**What the task asks**
Return the records exactly, keeping every line as it is.

>>>

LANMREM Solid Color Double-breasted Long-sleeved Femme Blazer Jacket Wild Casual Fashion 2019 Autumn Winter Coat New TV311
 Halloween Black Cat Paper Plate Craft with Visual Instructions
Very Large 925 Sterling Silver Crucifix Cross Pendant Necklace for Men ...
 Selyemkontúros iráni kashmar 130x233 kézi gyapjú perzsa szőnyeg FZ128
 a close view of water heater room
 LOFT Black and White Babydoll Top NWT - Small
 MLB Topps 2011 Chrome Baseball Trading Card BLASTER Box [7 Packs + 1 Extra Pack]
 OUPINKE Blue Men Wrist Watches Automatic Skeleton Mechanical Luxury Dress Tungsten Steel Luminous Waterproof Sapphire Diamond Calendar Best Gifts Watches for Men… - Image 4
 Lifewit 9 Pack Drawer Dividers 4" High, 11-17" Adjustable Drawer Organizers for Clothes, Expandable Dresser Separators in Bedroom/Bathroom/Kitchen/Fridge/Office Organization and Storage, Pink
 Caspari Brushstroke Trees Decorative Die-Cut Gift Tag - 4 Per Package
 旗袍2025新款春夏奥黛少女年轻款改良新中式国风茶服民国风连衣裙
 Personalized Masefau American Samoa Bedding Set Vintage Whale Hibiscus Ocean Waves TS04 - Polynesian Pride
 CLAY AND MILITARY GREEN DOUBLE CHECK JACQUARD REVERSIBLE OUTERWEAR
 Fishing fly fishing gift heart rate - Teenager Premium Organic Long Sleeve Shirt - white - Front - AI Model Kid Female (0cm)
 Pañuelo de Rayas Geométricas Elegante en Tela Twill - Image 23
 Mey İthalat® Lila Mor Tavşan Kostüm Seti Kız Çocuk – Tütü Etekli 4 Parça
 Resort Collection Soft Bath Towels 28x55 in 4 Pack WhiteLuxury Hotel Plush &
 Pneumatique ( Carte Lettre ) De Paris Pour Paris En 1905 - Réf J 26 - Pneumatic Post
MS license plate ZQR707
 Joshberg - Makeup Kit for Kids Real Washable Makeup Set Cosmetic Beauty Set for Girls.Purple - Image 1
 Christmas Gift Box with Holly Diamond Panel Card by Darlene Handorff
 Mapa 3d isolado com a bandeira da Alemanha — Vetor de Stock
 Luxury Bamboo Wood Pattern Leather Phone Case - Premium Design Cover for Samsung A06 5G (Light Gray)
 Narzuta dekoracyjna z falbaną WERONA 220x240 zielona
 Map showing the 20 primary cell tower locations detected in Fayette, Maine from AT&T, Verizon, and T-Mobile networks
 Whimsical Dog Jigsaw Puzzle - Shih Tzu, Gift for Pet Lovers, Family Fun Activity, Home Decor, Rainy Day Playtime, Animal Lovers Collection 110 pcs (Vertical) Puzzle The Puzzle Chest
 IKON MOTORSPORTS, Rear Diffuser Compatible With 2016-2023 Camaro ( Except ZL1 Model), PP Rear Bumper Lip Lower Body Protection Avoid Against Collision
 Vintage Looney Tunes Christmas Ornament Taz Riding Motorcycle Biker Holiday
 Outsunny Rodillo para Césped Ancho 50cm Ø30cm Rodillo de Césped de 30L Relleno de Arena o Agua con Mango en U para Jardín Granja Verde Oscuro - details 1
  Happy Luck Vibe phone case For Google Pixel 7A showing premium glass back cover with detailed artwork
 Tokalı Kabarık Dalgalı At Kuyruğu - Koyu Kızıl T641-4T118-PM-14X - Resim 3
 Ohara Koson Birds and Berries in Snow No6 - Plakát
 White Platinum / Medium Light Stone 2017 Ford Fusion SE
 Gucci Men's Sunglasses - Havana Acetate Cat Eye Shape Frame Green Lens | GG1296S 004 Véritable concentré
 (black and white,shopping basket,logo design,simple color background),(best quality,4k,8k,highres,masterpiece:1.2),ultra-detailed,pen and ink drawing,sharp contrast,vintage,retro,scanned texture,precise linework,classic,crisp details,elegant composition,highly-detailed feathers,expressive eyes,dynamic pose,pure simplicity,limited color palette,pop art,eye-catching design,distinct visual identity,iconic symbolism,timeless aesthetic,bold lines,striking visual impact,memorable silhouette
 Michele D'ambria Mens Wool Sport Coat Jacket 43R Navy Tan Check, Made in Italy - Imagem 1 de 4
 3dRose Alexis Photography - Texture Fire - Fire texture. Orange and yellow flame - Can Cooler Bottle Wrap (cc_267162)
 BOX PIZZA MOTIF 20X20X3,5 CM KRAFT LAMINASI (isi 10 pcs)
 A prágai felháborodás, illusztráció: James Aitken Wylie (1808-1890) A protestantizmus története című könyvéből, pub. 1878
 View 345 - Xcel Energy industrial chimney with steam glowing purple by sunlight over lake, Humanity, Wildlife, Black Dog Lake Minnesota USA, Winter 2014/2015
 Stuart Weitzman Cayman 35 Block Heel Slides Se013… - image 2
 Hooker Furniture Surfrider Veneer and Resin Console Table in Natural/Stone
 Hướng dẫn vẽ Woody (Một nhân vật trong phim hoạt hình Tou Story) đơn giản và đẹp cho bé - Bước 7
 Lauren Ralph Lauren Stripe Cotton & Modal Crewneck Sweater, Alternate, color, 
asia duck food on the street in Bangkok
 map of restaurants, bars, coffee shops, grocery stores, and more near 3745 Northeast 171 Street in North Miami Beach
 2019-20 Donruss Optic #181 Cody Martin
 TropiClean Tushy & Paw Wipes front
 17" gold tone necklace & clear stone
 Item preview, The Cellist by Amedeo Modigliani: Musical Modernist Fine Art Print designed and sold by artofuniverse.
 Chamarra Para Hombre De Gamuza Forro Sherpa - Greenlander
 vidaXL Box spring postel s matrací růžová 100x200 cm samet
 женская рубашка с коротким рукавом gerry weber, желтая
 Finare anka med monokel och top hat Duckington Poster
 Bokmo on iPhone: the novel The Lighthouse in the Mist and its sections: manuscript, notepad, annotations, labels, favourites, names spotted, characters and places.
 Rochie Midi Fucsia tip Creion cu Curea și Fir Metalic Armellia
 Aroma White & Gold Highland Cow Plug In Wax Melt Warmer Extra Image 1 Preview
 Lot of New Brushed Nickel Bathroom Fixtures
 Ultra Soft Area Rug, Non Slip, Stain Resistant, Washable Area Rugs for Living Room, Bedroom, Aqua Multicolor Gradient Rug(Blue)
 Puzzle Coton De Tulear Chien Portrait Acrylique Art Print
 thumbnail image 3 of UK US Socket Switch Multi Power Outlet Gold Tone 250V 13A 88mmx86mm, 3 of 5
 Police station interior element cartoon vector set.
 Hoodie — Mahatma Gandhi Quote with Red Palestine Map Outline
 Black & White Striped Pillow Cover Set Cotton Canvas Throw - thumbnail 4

<<<

**Response**
LANMREM Solid Color Double-breasted Long-sleeved Femme Blazer Jacket Wild Casual Fashion 2019 Autumn Winter Coat New TV311
 Halloween Black Cat Paper Plate Craft with Visual Instructions
Very Large 925 Sterling Silver Crucifix Cross Pendant Necklace for Men ...
 Selyemkontúros iráni kashmar 130x233 kézi gyapjú perzsa szőnyeg FZ128
 a close view of water heater room
 LOFT Black and White Babydoll Top NWT - Small
 MLB Topps 2011 Chrome Baseball Trading Card BLASTER Box [7 Packs + 1 Extra Pack]
 OUPINKE Blue Men Wrist Watches Automatic Skeleton Mechanical Luxury Dress Tungsten Steel Luminous Waterproof Sapphire Diamond Calendar Best Gifts Watches for Men… - Image 4
 Lifewit 9 Pack Drawer Dividers 4" High, 11-17" Adjustable Drawer Organizers for Clothes, Expandable Dresser Separators in Bedroom/Bathroom/Kitchen/Fridge/Office Organization and Storage, Pink
 Caspari Brushstroke Trees Decorative Die-Cut Gift Tag - 4 Per Package
 旗袍2025新款春夏奥黛少女年轻款改良新中式国风茶服民国风连衣裙
 Personalized Masefau American Samoa Bedding Set Vintage Whale Hibiscus Ocean Waves TS04 - Polynesian Pride
 CLAY AND MILITARY GREEN DOUBLE CHECK JACQUARD REVERSIBLE OUTERWEAR
 Fishing fly fishing gift heart rate - Teenager Premium Organic Long Sleeve Shirt - white - Front - AI Model Kid Female (0cm)
 Pañuelo de Rayas Geométricas Elegante en Tela Twill - Image 23
 Mey İthalat® Lila Mor Tavşan Kostüm Seti Kız Çocuk – Tütü Etekli 4 Parça
 Resort Collection Soft Bath Towels 28x55 in 4 Pack WhiteLuxury Hotel Plush &
 Pneumatique ( Carte Lettre ) De Paris Pour Paris En 1905 - Réf J 26 - Pneumatic Post
MS license plate ZQR707
 Joshberg - Makeup Kit for Kids Real Washable Makeup Set Cosmetic Beauty Set for Girls.Purple - Image 1
 Christmas Gift Box with Holly Diamond Panel Card by Darlene Handorff
 Mapa 3d isolado com a bandeira da Alemanha — Vetor de Stock
 Luxury Bamboo Wood Pattern Leather Phone Case - Premium Design Cover for Samsung A06 5G (Light Gray)
 Narzuta dekoracyjna z falbaną WERONA 220x240 zielona
 Map showing the 20 primary cell tower locations detected in Fayette, Maine from AT&T, Verizon, and T-Mobile networks
 Whimsical Dog Jigsaw Puzzle - Shih Tzu, Gift for Pet Lovers, Family Fun Activity, Home Decor, Rainy Day Playtime, Animal Lovers Collection 110 pcs (Vertical) Puzzle The Puzzle Chest
 IKON MOTORSPORTS, Rear Diffuser Compatible With 2016-2023 Camaro ( Except ZL1 Model), PP Rear Bumper Lip Lower Body Protection Avoid Against Collision
 Vintage Looney Tunes Christmas Ornament Taz Riding Motorcycle Biker Holiday
 Outsunny Rodillo para Césped Ancho 50cm Ø30cm Rodillo de Césped de 30L Relleno de Arena o Agua con Mango en U para Jardín Granja Verde Oscuro - details 1
  Happy Luck Vibe phone case For Google Pixel 7A showing premium glass back cover with detailed artwork
 Tokalı Kabarık Dalgalı At Kuyruğu - Koyu Kızıl T641-4T118-PM-14X - Resim 3
 Ohara Koson Birds and Berries in Snow No6 - Plakát
 White Platinum / Medium Light Stone 2017 Ford Fusion SE
 Gucci Men's Sunglasses - Havana Acetate Cat Eye Shape Frame Green Lens | GG1296S 004 Véritable concentré
 (black and white,shopping basket,logo design,simple color background),(best quality,4k,8k,highres,masterpiece:1.2),ultra-detailed,pen and ink drawing,sharp contrast,vintage,retro,scanned texture,precise linework,classic,crisp details,elegant composition,highly-detailed feathers,expressive eyes,dynamic pose,pure simplicity,limited color palette,pop art,eye-catching design,distinct visual identity,iconic symbolism,timeless aesthetic,bold lines,striking visual impact,memorable silhouette
 Michele D'ambria Mens Wool Sport Coat Jacket 43R Navy Tan Check, Made in Italy - Imagem 1 de 4
 3dRose Alexis Photography - Texture Fire - Fire texture. Orange and yellow flame - Can Cooler Bottle Wrap (cc_267162)
 BOX PIZZA MOTIF 20X20X3,5 CM KRAFT LAMINASI (isi 10 pcs)
 A prágai felháborodás, illusztráció: James Aitken Wylie (1808-1890) A protestantizmus története című könyvéből, pub. 1878
 View 345 - Xcel Energy industrial chimney with steam glowing purple by sunlight over lake, Humanity, Wildlife, Black Dog Lake Minnesota USA, Winter 2014/2015
 Stuart Weitzman Cayman 35 Block Heel Slides Se013… - image 2
 Hooker Furniture Surfrider Veneer and Resin Console Table in Natural/Stone
 Hướng dẫn vẽ Woody (Một nhân vật trong phim hoạt hình Tou Story) đơn giản và đẹp cho bé - Bước 7
 Lauren Ralph Lauren Stripe Cotton & Modal Crewneck Sweater, Alternate, color, 
asia duck food on the street in Bangkok
 map of restaurants, bars, coffee shops, grocery stores, and more near 3745 Northeast 171 Street in North Miami Beach
 2019-20 Donruss Optic #181 Cody Martin
 TropiClean Tushy & Paw Wipes front
 17" gold tone necklace & clear stone
 Item preview, The Cellist by Amedeo Modigliani: Musical Modernist Fine Art Print designed and sold by artofuniverse.
 Chamarra Para Hombre De Gamuza Forro Sherpa - Greenlander
 vidaXL Box spring postel s matrací růžová 100x200 cm samet
 женская рубашка с коротким рукавом gerry weber, желтая
 Finare anka med monokel och top hat Duckington Poster
 Bokmo on iPhone: the novel The Lighthouse in the Mist and its sections: manuscript, notepad, annotations, labels, favourites, names spotted, characters and places.
 Rochie Midi Fucsia tip Creion cu Curea și Fir Metalic Armellia
 Aroma White & Gold Highland Cow Plug In Wax Melt Warmer Extra Image 1 Preview
 Lot of New Brushed Nickel Bathroom Fixtures
 Ultra Soft Area Rug, Non Slip, Stain Resistant, Washable Area Rugs for Living Room, Bedroom, Aqua Multicolor Gradient Rug(Blue)
 Puzzle Coton De Tulear Chien Portrait Acrylique Art Print
 thumbnail image 3 of UK US Socket Switch Multi Power Outlet Gold Tone 250V 13A 88mmx86mm, 3 of 5
 Police station interior element cartoon vector set.
 Hoodie — Mahatma Gandhi Quote with Red Palestine Map Outline
 Black & White Striped Pillow Cover Set Cotton Canvas Throw - thumbnail 4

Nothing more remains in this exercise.